◆ **How to complete this task**
Return the data below unaltered, but strip out the pictures.

[[ Data shown, beginning ]]

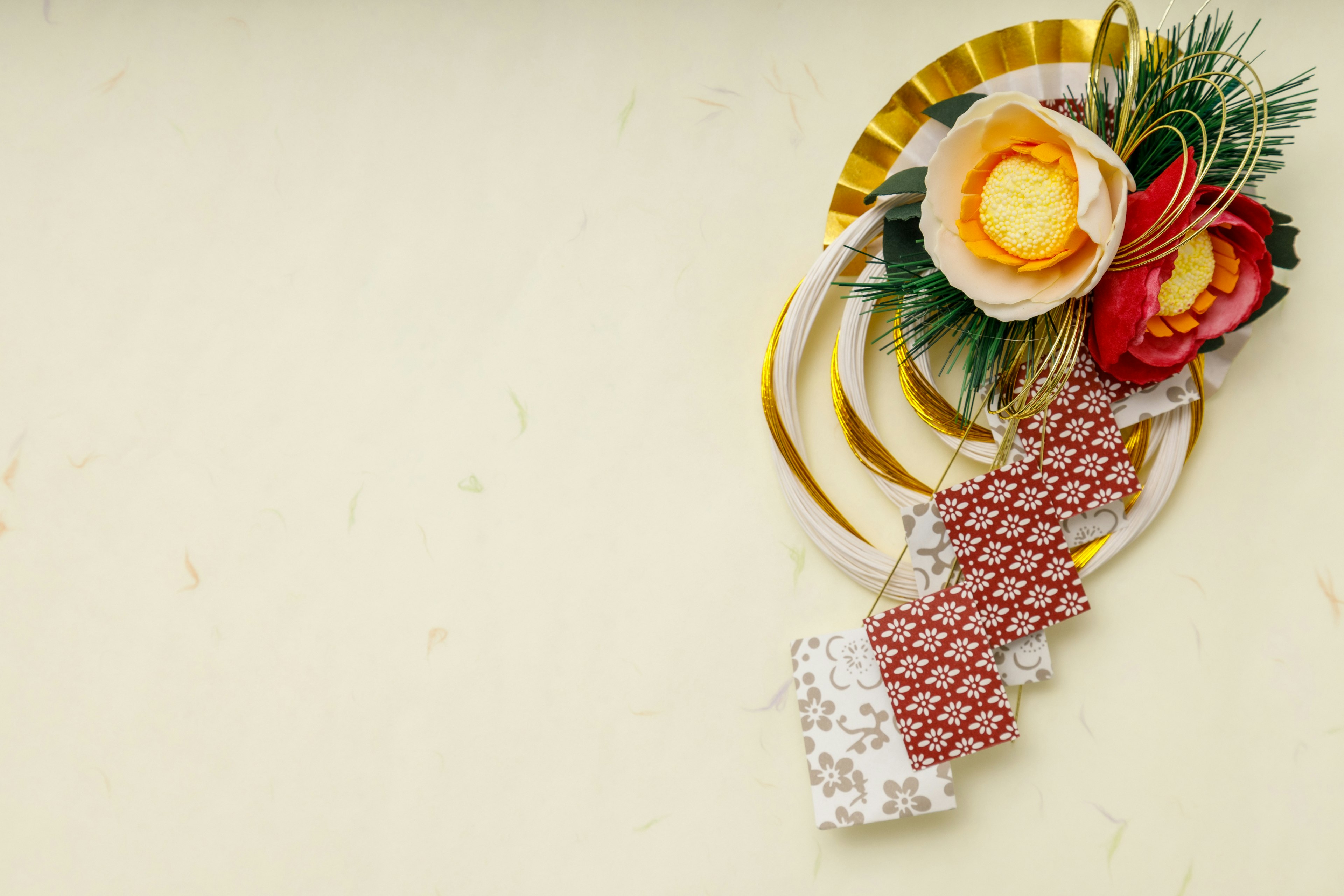 Beautiful Japanese New Year decoration with floral arrangement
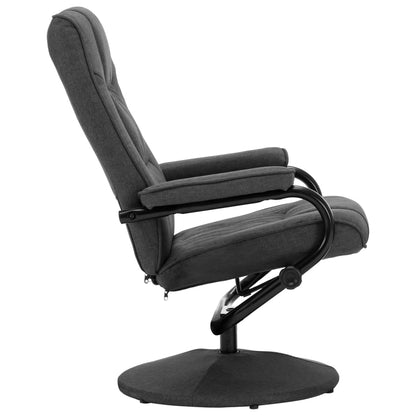 vidaXL Relaxsessel mit Fußhocker Dunkelgrau Stoff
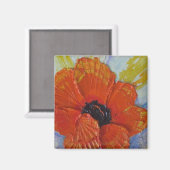 Orange Poppy Magnet (Vorderseite/Rückseite)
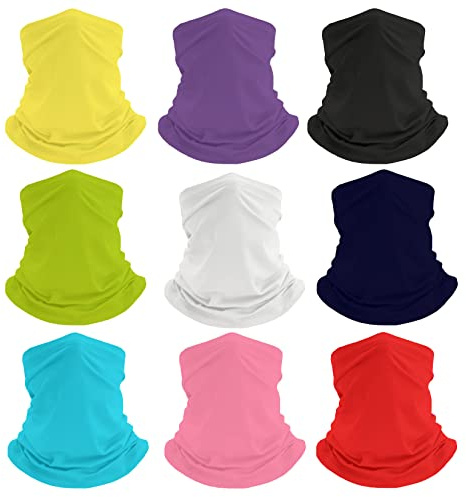 HCMY Balaclava 9 Pack Neck Gaiters Bandana Shiesty Mask Magic Scarf Headwear Tube UV Face Mask Headbands for women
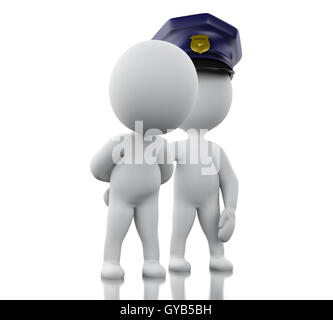 3d white people. Police arresting a thief. Isolated white background ...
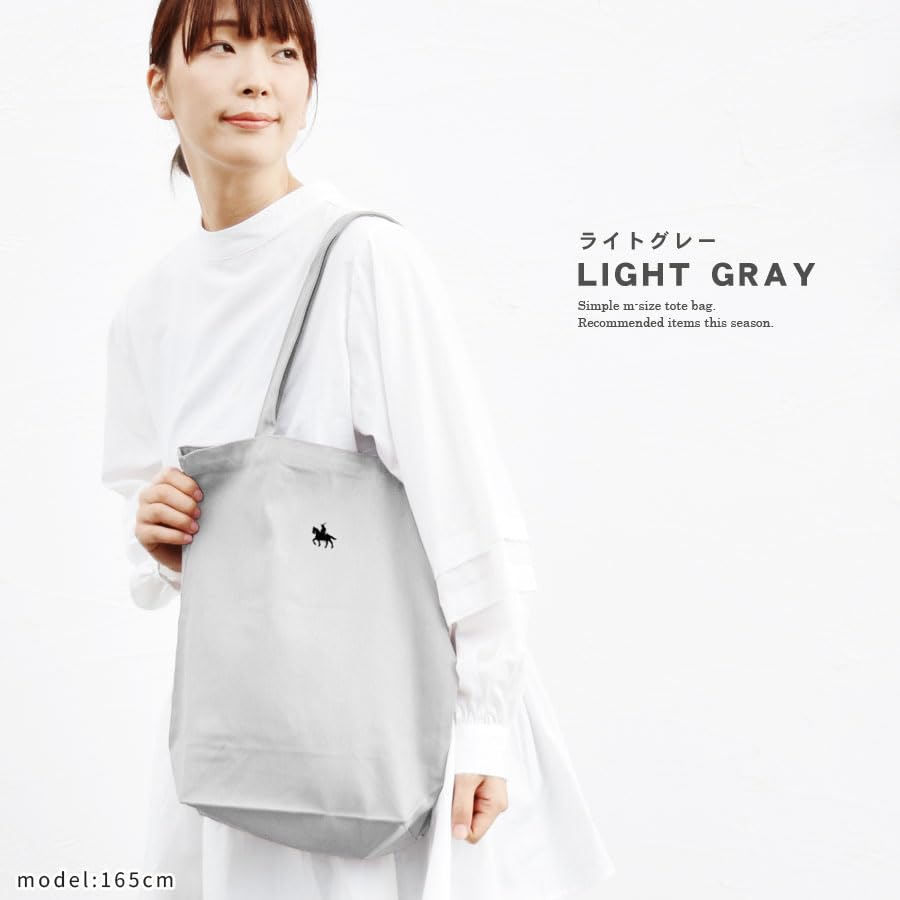 [Reitstatue von Date Masamune, Sendai-Domäne] Tragetasche für Damen und Herren, Canvas, Mittel, Aufdruck, Schlicht, 100% Baumwolle, 146001m (Hellgrau)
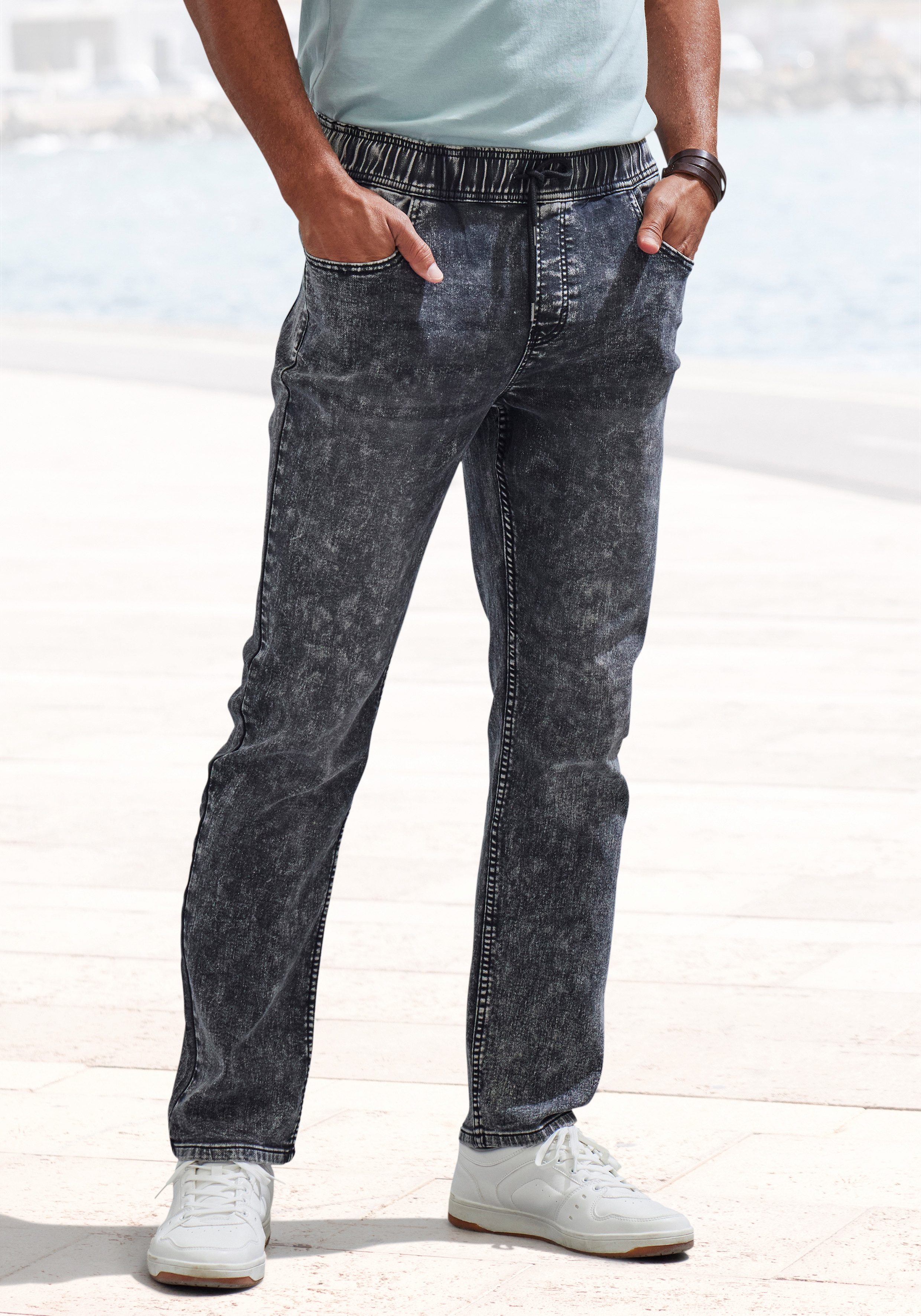 Buffalo Jogger Pants "Jogg Pants", elastische Joggpants, moonwashed günstig online kaufen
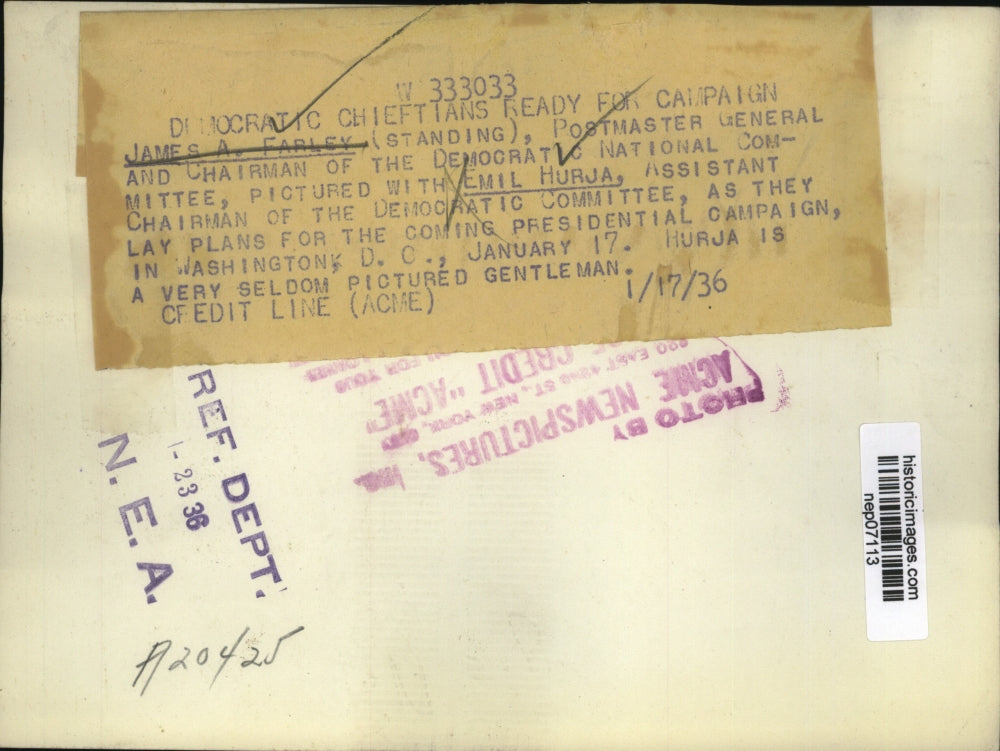 1936 Press Photo James A. Farley & Emil Hurja of Democratic National Committee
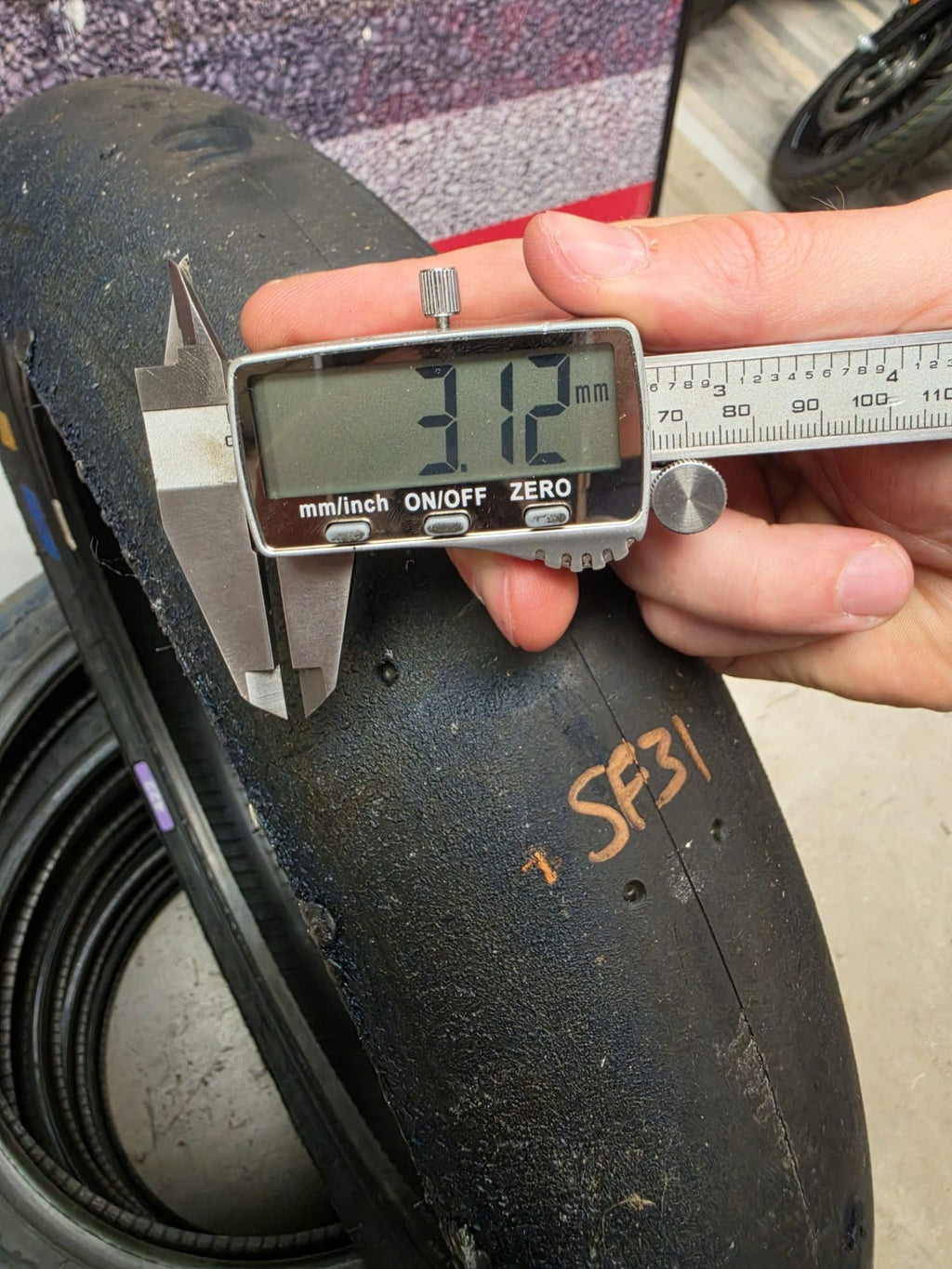Pirelli Diablo Superbike SC1 125/70-17 Used BSB Scrub Motorcycle Tyre - SF31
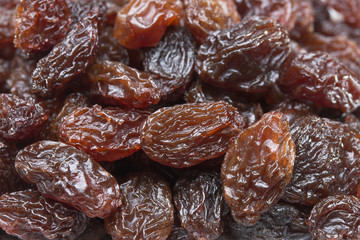 close-up raisin as background
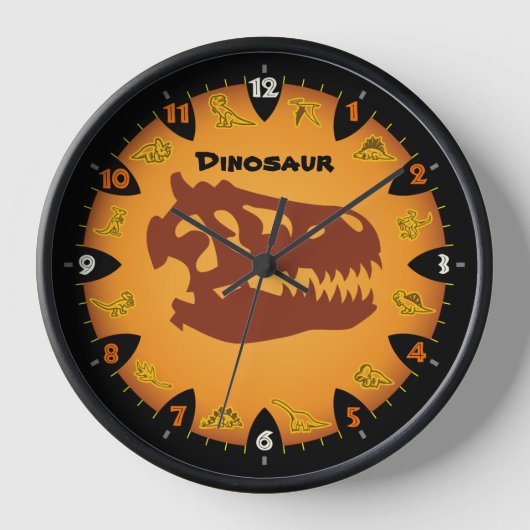 Prehistorische Oranje Dinosaur-wandklok (Voorkant)
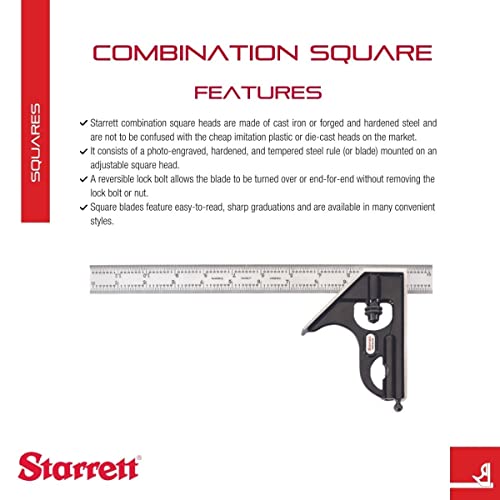 Starrett Steel Combination Square with Square Head - 12" Blade Length, Forged and Hardened Steel Heads, Reversible Lock Bolt, Scriber, 4R Graduation - WoodArtSupply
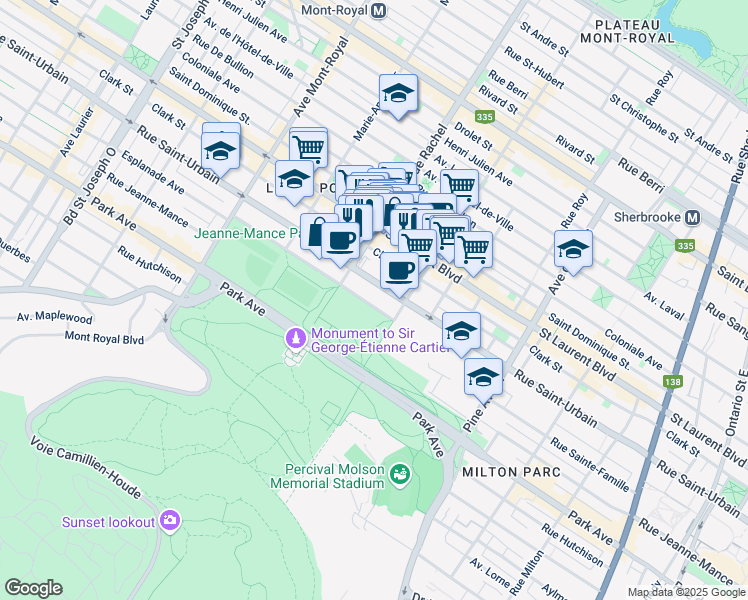 map of restaurants, bars, coffee shops, grocery stores, and more near 4115 Avenue de l'Esplanade in Montréal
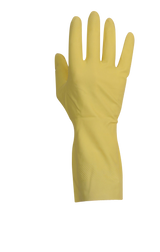 Gant de ménage latex jaune flocké coton – Gants Ménage – HygiRéa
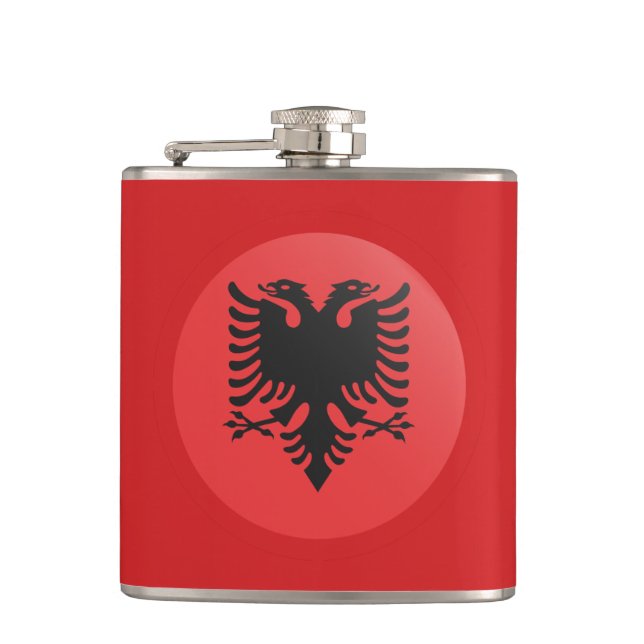 Albanien Flag & Drink, Albanien reisen / Sportfans Flachmann (Vorderseite)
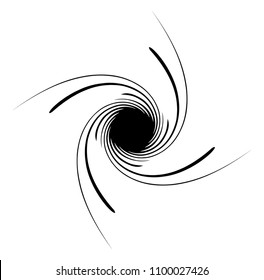 Spiral element. Abstract swirl, twirl isolated on white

[[ Data shown, end ]]

◆ **Solution to this problem**
 Beautiful Japanese New Year decoration with floral arrangement
 vidaXL Relaxsessel mit Fußhocker Dunkelgrau Stoff
 Orange Poppy Magnet (Vorderseite/Rückseite)
 HCMY Balaclava 9 Pack Neck Gaiters Bandana Shiesty Mask Magic Scarf Headwear Tube UV Face Mask Headbands for women
 3d white people. Police arresting a thief. Isolated white background ...
 [Reitstatue von Date Masamune, Sendai-Domäne] Tragetasche für Damen und Herren, Canvas, Mittel, Aufdruck, Schlicht, 100% Baumwolle, 146001m (Hellgrau)
 Buffalo Jogger Pants "Jogg Pants", elastische Joggpants, moonwashed günstig online kaufen
 1936 Press Photo James A. Farley & Emil Hurja of Democratic National Committee
Pirelli Diablo Superbike SC1 125/70-17 Used BSB Scrub Motorcycle Tyre - SF31
 close-up raisin as background
 Prehistorische Oranje Dinosaur-wandklok (Voorkant)
 Starrett Steel Combination Square with Square Head - 12" Blade Length, Forged and Hardened Steel Heads, Reversible Lock Bolt, Scriber, 4R Graduation - WoodArtSupply
 map of restaurants, bars, coffee shops, grocery stores, and more near 4115 Avenue de l'Esplanade in Montréal
 Gant de ménage latex jaune flocké coton – Gants Ménage – HygiRéa
 Albanien Flag & Drink, Albanien reisen / Sportfans Flachmann (Vorderseite)
 Spiral element. Abstract swirl, twirl isolated on white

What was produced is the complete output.